Rating the Presidents and Their Raters - The American Spectator | USA News and Politics
Rating the Presidents and Their Raters

Where They Stand: The American Presidents in the Eyes of Voters and Historians
By Robert W. Merry
(Simon & Schuster, 320 pages, $28)

Robert Merry is a throwback—a journalist and a historian with no academic biases or shackles; a newsman and a man of letters, who values deep and thoughtful analysis, presented in clear, strong prose; and a writer who understands the primacy of a good story, well and intelligently told.

Merry served as Washington correspondent for the Wall Street Journal and executive editor of Congressional Quarterly, which he built into a widely respected publication, and has written for The American Spectator, New York Times, Weekly Standard, National Review, and the National Interest, of which he’s now editor. He’s also the author of three well-received books.

In his previous book, A Country of Vast Designs, Merry brought James K. Polk and his era to vivid life, resurrecting many of the largely forgotten figures of the period.
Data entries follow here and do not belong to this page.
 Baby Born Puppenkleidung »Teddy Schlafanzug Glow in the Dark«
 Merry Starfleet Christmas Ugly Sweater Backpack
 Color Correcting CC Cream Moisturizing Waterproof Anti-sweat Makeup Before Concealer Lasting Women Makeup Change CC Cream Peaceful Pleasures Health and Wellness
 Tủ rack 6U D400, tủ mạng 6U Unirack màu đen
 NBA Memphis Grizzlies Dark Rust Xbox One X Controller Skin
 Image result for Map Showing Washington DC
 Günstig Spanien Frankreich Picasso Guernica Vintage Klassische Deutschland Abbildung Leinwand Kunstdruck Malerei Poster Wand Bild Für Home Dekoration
In Where They Stand, he does the same for a great sweep of American politics, rexamining those presidents whose accomplishments have begun to fade, analyzing why they succeeded or failed by taking into account the judgments of historians and the voters who put them in office.
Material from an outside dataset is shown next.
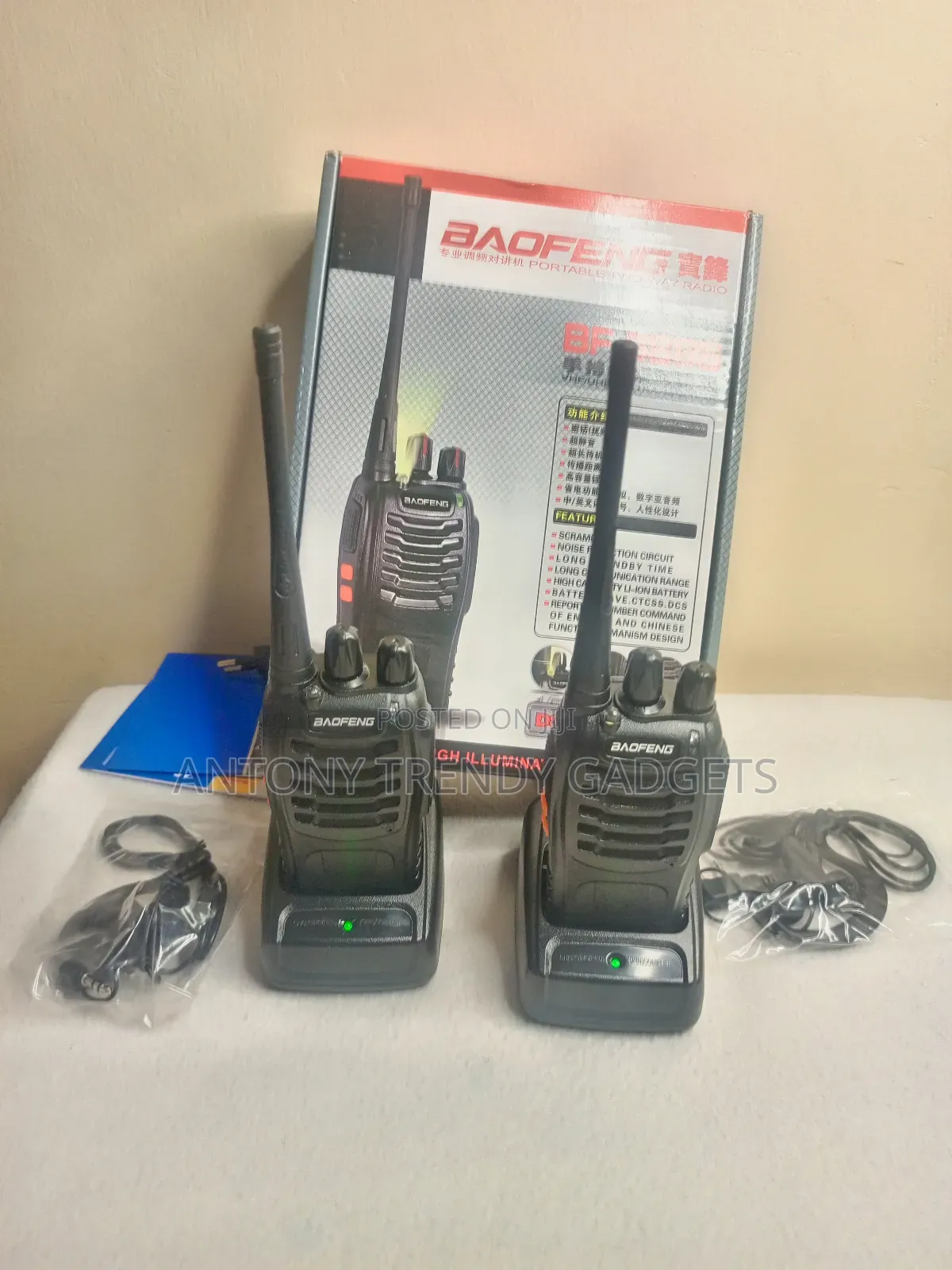 Baofeng Bf-888s Walkie Talkie Portable Two-Way Radio 2pcs Lo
Since Arthur Schlesinger Sr. initiated his first presidential ratings survey in 1948 by asking a selected group of like-minded scholars to rate our presidents from great to failure, the “presidential rating game” has grown in popularity. In his approach to the game, Merry tells us he’s

less interested in who’s up and who’s down…than I am in what the Ratings Game teaches about how the presidency works and how presidents succeed—or fail—or serve simply in a zone of ordinariness or mediocrity. I put forward just one insight I consider fresh and perhaps even of value—namely, that no ratings game is worthy of the name if it ignores the contemporaneous judgment of the electorate.…Like most of us presidents have a boss—in their case, the American people. And if the boss was happy or unhappy with a particular employee of the past, then who are we—or even a collection of historians—to toss that aside?

Merry’s intention is to “explore American history through the prism of presidential performance.” As a navigating aid, he tells us, “I don’t place much stock in the personal judgments of individual analysts or commentators (including myself)…. Instead, I place stock in collective assessments—the rankings of hundreds of historians through multiple surveys over several decades; and the collective judgment of the electorate as it hired and fired presidents through the course of American history.”
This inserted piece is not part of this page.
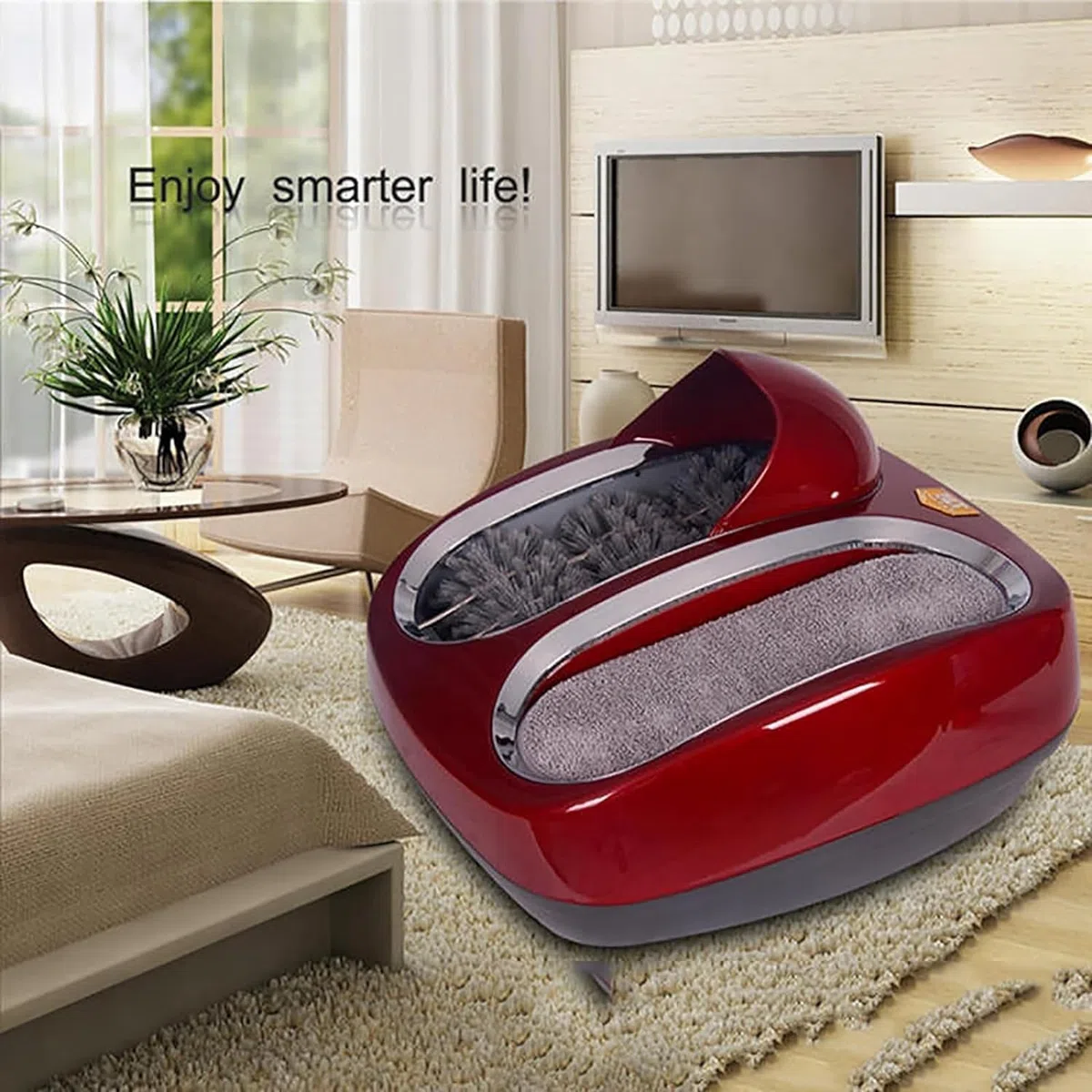 Máquina automática de cepillado de suela de zapatos, limpiador superior y suela, sensor activado, para el hogar, negocios, hotel, aeropuerto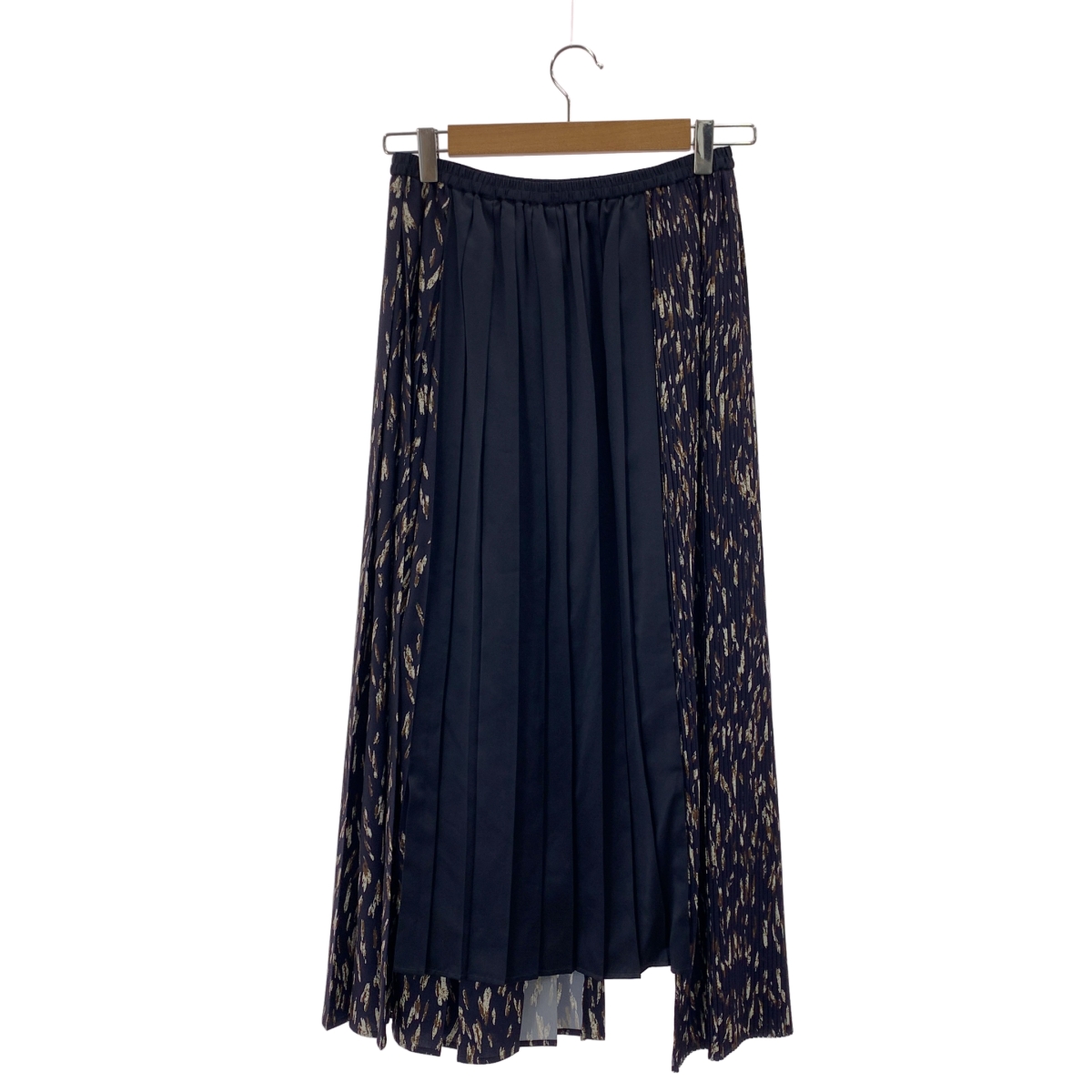 ELENDEEK / エレンディーク MIX PLEATS SK プリーツ ロング スカート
He believes this approach “militates against any tendency to insert partisan sentiments into the discussion.” The voters have hired and fired conservative and liberal presidents. “By concentrating on voter sentiments we keep the focus on performance and away from anyone’s political leanings.”

Merry himself believes “that the two greatest presidents of the twentieth century were Franklin Roosevelt and Ronald Reagan—one perhaps the century’s most liberal president, the other perhaps its most conservative one.” He arrives at this conclusion, in part, because they were the only 20th-century presidents to be elected twice and also to “maintain party control of the White House after their second terms. In other words, they met the highest test of electoral success.” The people who hired them, in other words, strongly approved of their performance.

Merry breaks his book into four parts, the first an exploration of “the academic polls and the literature surrounding them,” as well as “the vagaries of history,” those changes in presidential rankings brought about by new causes and “vogues of thought.” (Think here of how new attitudes toward American Indians, much in fashion today, have altered contemporary assessments of Arthur Schlesinger Jr.’s beloved Andrew Jackson.) The second part consists of a discussion of “the making of the presidency” at the 1787 Constitutional Convention; presidential elections as referendums on the incumbent president or party; and the way electoral judgments come into play within the referendum system.

In the third section, Merry lays out his “test of greatness,” one of the most important components being “the war decision.” He also discusses what he calls the split-decision presidents—“two-termers whose second-term performances led to a White House change of party at the next election.” Two of the most notable examples of recent memory were Lyndon Johnson and Richard Nixon.

Johnson’s spectacular crash-and-burn presidency was the result of making the wrong “war decision” in Vietnam—and making it in the name of defending “the vast Cold War perimeter,” a policy rejected by Eisenhower but resurrected under Kennedy, and “fully embraced by many Kennedy advisers retained by Johnson, most notably Defense Secretary Robert McNamara, Secretary of State Dean Rusk, and National Security Adviser McGeorge Bundy. These men had contributed significantly to the Vietnam situation inherited by Johnson, and it was fraught with peril.”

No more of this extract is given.